A southbound sitting in the yard.

While in Dubuque, we explored at the Mississippi River Museum which is at Dubuque Junction (junction between the DM&E and Chicago Central Railroad) which is also the old Burlington Station and Freight house.  

At the back of the museum was the old William M. Black dredge steam boat.  We explored it and was able to snap a photo of a returning DM&E local at Dubuque Junction in front of the Mississippi River Museum.

Rochelle, Illinois
After our trip on the former Rock Island territory, we headed up north to Rochelle, IL and into Wisconsin before spending the night in Rockford, Illinois.  We stopped in at the Rochelle Railroad Park, but unfortunately no trains were present or lined up coming soon.  My plan was just to make a brief appearance here and hope for the best for a train.  It was a Monday so I'm guessing operations were a little slower than it would have been later in the week.  I met some nice guys from Wisconsin that had been watching trains since sunrise.  I believe they were up to 24 by around 2:30pm or so.  It is a nice park to catch some serious action.  Too bad we couldn't stay longer to hang out.

Elizabeth, Illinois
The following day, we traveled west to visit Elizabeth, Illinois which is now part of the Chicago Central Railroad which runs from Chicago west and splits to Sioux City, Iowa and Omaha, Nebraska.  This line was the former Milwaukee Road line as well.  We wanted to visit this small town in honor of my daughter Elizabeth.

Galena, Illinois
We continued west toward Dubuque and came across a really neat old historic town named Galena, Illinois.  The Chicago Central travels through here as well.  This town is full of Civil War History and will definitely top our list to return soon to explore further.

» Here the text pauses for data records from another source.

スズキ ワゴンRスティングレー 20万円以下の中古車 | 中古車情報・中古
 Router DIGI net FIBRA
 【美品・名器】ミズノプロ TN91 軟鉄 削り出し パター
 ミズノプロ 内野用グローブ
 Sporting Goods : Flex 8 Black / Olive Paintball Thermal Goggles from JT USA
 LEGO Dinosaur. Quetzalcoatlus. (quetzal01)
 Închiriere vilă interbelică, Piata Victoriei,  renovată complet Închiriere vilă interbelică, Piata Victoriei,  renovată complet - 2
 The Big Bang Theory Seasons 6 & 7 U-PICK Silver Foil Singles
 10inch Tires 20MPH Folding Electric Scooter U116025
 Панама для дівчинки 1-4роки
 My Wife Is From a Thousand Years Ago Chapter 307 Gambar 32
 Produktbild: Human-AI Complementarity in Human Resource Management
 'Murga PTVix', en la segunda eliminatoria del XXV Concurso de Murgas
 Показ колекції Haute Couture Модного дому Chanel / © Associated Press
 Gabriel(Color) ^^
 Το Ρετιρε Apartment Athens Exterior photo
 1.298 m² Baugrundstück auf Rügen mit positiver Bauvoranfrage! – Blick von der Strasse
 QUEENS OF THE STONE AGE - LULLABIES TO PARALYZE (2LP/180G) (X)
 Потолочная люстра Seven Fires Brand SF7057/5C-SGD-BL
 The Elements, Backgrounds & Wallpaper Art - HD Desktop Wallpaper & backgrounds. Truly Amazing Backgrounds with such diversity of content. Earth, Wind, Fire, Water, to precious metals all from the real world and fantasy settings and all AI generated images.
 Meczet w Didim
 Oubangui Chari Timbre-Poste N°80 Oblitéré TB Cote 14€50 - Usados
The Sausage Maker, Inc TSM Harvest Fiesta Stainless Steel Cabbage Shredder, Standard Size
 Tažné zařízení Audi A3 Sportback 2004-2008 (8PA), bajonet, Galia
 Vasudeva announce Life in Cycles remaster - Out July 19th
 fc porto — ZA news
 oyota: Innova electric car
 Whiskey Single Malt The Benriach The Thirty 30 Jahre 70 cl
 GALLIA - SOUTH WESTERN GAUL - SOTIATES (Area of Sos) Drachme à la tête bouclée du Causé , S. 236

Historical Information found at Ulysses S. Grant's Home in Galena, Illinois.

Looking east on the Chicago Central at Galena, Illinois

The station at Galena, Illinois

Looking west on the Chicago Central at Galena, Illinois

Amtrak will be returning service to this region with the new Black Hawk train.  It will transport passengers from Chicago to Dubuque, IA via Rockford, IL.  It's expected to begin in 2015.  Amtrak originally ran service here between 1974 and 1981.  

It was pretty neat to come across this jewel.  Neither my wife nor I have explored this part of Illinois.  It is some beautiful countryside with nice large rolling hills and vistas where you can see for miles!  

Pawnee, Illinois
On the way back home to North Carolina, we stopped to photograph an eastbound BNSF coal train approaching Pawnee, Illinois.  

Litchfield, Illiniois
On our way home, we also made a quick stop in Litchfield, Illinois assuming this locomotive was parked where I had seen it once before.  Here is the Illini Terminal Locomotive of Respondek Railroad Corp.

This ended our railroad adventures on this 12 day trip across the Midwest.  My original intentions was to only explore the Rock Island lines near where I modeled, but happily gained the opportunity to see so much more.  It was a really great trip that I will remember for some time.  I really look forward to one day when my wife and I can just hit the road and explore America seeing whatever we might come across.   No schedule, no agenda, just whatever strikes our interest.